▶ Data entries:
==========
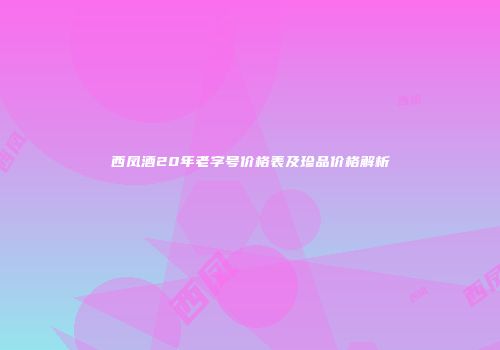 西凤酒20年老字号价格表及珍品价格解析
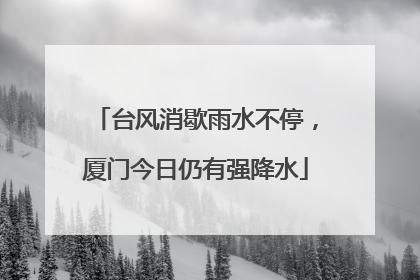台风消歇雨水不停，厦门今日仍有强降水
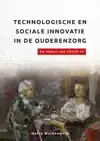 TECHNOLOGISCHE EN SOCIALE INNOVATIE IN DE OUDERENZORG.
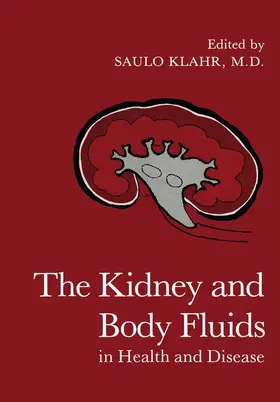 Klahr |  The Kidney and Body Fluids in Health and Disease | Buch |  Sack Fachmedien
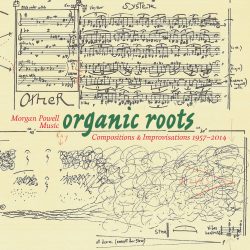 Morgan Powell Music: Organic Roots CD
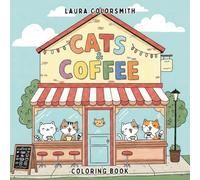 Cats & Coffee Coloring Book: Stress Relief for Cat & Coffee Lovers - Café Scenes, and Adorable Cat Companions to Color (Coloring Books for Kids: Animals)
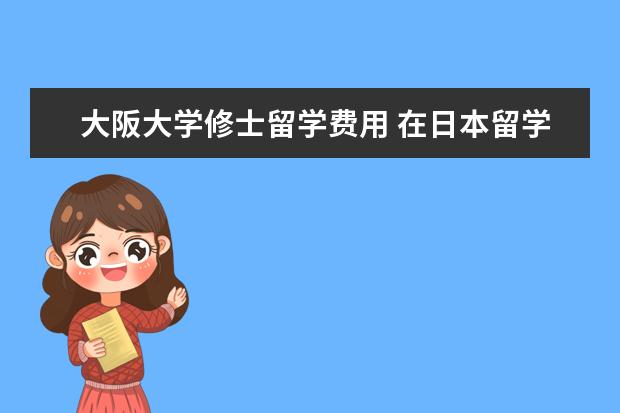 大阪大学修士留学费用 在日本留学每年大概需要多少钱?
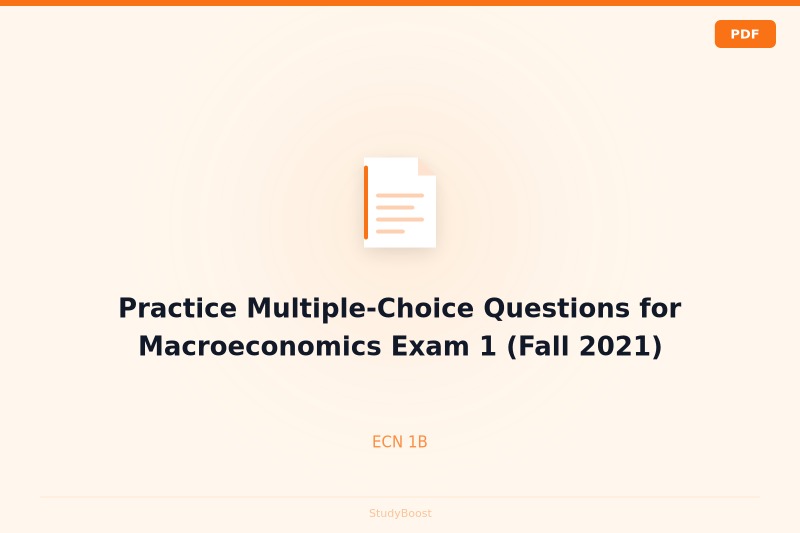 Practice Multiple-Choice Questions for Macroeconomics Exam 1 (Fall 2021)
==========
Leave the images behind and write out every entry exactly.

 西凤酒20年老字号价格表及珍品价格解析
台风消歇雨水不停，厦门今日仍有强降水
 TECHNOLOGISCHE EN SOCIALE INNOVATIE IN DE OUDERENZORG.
 Klahr |  The Kidney and Body Fluids in Health and Disease | Buch |  Sack Fachmedien
 Morgan Powell Music: Organic Roots CD
 Cats & Coffee Coloring Book: Stress Relief for Cat & Coffee Lovers - Café Scenes, and Adorable Cat Companions to Color (Coloring Books for Kids: Animals)
 大阪大学修士留学费用 在日本留学每年大概需要多少钱?
 Practice Multiple-Choice Questions for Macroeconomics Exam 1 (Fall 2021)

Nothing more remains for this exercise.